Viens, Seigneur Jésus ! Que la grâce du Seigneur Jésus
soit avec tous ! » (Apoc. 22:20-21)
Il
y a beaucoup de défaites et de tragédies dans le
Nouveau Testament. Le Christ lui-même fut crucifié, les
saints furent persécutés et ils manifestèrent
toutes les faiblesses des saints des autres époques. Mais on
ne reste jamais sur un sentiment de tragédie, de désespoir
ou de désastre final dans le Nouveau Testament.
Au
contraire, il y a une note toujours présente d'exultation. Le
Christ a brisé les liens de la mort
et triomphé du péché. Il est monté au
ciel dans des nuées de gloire et reviendra. On ne peut arrêter
son œuvre, mais il triomphera de Satan, du mal, du monde et de
tous les obstacles. Quand on lit le Nouveau Testament, on en reste
chargé de foi et d'enthousiaste pour l'Évangile et
l'Église du Christ, assuré du triomphe ultime de sa
justice. Le Nouveau Testament reflète l'esprit triomphant de
Luc, de Pierre, de Paul et de Jean.
La
valeur de l'individu
Un
des messages les plus grands et les plus durables du Nouveau
Testament est l'importance qu'il accorde à la valeur de
l'individu ; et en particulier dans la vie et les enseignements de
Jésus. Cette importance ne tient pas son origine du Sauveur et
ne lui était pas propre non plus. Dans notre étude de
l'Ancien Testament, nous avons remarqué le caractère
humain de la loi, sa sollicitude pour l'étranger, la veuve,
l'orphelin, l'esclave, l'innocent accusé d'un délit, et
même les droits d'un soldat ordinaire, Urie le Hittite, contre
le roi David (2 Samuel 11) et de Naboth contre le roi Achab (Rois
21). Mais Jésus, bâtissant sur les fondations humaines
du judaïsme, souligna en termes et en actions inoubliables la
valeur de l'individu.
La
grâce du Christ
Paul,
ayant passé sa jeunesse sans croire au Christ, apprit la
différence que le Christ peut apporter dans la vie de
quelqu'un. Et s'il est vrai qu'il exhorta maintes et maintes fois les
saints à garder les commandements de Dieu et les lois de
l'Évangile, son message le plus grand était toutefois
que l'homme ait foi au Christ, devienne une créature nouvelle
en Christ Jésus et vive par l'esprit plutôt que par la
lettre de la loi.
La
résurrection et la vie éternelle
Un
des plus grands apports du Nouveau Testament à la religion et
à la vie, est la manière claire et puissante avec
laquelle il décrit la réalité d'une résurrection
littérale et l'assurance de l'immortalité. Il contient
la première Écriture acceptée par tous les
chrétiens qui enseigne sans équivoque la résurrection
d'entre les morts.
L'Église
chrétienne
Le
Nouveau Testament est un témoin solide de ce que la religion
est de caractère aussi bien social que privé. Il parle
de la progression et du développement de l'Église
chrétienne au cours du premier siècle. Dans les
évangiles tels que nous les avons dans le Nouveau Testament,
il n'est dit nulle part que le Christ ait réellement organisé
une Église. Il y a cependant des manifestations claires de ce
qu'il en a jeté les bases et voulu qu'il y en ait une.

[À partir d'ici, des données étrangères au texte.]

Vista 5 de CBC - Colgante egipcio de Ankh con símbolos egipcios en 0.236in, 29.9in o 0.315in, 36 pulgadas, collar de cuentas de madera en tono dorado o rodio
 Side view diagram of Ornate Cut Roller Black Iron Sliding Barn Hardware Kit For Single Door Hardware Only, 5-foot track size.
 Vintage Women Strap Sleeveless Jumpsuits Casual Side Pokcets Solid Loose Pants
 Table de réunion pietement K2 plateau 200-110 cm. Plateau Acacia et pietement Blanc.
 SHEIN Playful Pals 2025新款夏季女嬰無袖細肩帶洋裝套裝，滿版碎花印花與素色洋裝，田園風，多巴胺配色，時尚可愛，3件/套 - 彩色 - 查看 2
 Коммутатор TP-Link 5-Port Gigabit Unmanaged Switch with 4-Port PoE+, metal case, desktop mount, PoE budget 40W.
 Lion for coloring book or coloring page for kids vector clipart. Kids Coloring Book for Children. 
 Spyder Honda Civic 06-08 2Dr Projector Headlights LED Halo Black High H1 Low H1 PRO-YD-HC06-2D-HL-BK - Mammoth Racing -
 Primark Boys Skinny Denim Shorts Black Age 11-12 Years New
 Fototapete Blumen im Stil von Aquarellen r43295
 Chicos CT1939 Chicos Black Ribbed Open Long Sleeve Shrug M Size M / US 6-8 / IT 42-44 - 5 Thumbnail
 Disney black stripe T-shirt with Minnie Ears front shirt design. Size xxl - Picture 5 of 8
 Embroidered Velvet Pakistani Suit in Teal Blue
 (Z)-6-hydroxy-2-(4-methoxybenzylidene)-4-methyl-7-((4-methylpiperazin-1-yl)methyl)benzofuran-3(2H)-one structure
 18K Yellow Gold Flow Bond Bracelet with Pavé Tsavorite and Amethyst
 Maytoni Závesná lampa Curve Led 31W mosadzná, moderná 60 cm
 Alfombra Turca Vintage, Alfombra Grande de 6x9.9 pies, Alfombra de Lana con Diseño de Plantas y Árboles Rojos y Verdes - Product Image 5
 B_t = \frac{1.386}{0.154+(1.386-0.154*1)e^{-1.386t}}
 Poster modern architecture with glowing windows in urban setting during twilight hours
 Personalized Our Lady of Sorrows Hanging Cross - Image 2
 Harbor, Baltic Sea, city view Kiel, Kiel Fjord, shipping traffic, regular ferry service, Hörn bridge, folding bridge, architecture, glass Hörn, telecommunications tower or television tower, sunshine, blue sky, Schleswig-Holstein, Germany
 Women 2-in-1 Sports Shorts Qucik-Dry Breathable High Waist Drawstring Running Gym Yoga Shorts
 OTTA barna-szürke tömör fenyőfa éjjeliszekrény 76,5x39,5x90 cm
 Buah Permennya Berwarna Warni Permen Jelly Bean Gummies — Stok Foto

Le Nouveau Testament est le fruit ou les annales de la vie dans l'Église primitive ou originelle du Christ. L'histoire de la naissance de l'Église du Christ en Palestine et dans le monde romain, racontée dans le Nouveau Testament, est intéressante, instructive et inspirante et peut nous en enseigner beaucoup sur nos rapports avec elle.
LA COMPOSITION, LE CADRE, LE BUT ET LES AUTEURS
Les auteurs des Écritures, sauf en d'assez rares occasions où ils étaient poussés à contempler le chemin de l'avenir, examinaient et évaluaient la situation de leur temps à la lumière des principes fondamentaux, parlant à leur propre peuple qui vivait dans une situation qu'ils connaissaient. Le fait que leurs paroles ont un sens riche pour nous à une autre époque et dans d'autres circonstances témoigne simplement de l'importance universelle et éternelle de leur inspiration.
Le fait de connaître quelque chose de l'auteur et de ceux à qui il s'adressait – leur langage, leurs coutumes, leurs problèmes et leur situation générale – nous permet de mieux comprendre et de mieux apprécier tout livre d'Écritures. Aujourd'hui on en connaît davantage là-dessus que jamais auparavant ; nous avons l'occasion d'apprendre l'histoire, les langues et la culture des peuples anciens.
La composition de chaque recueil
En examinant la Bible en deux divisions, nous avons noté que chacune est de caractère complexe, consistant en plusieurs ou en de nombreux écrits qui furent plus tard réunis et arrangés de manière à constituer chacun des recueils.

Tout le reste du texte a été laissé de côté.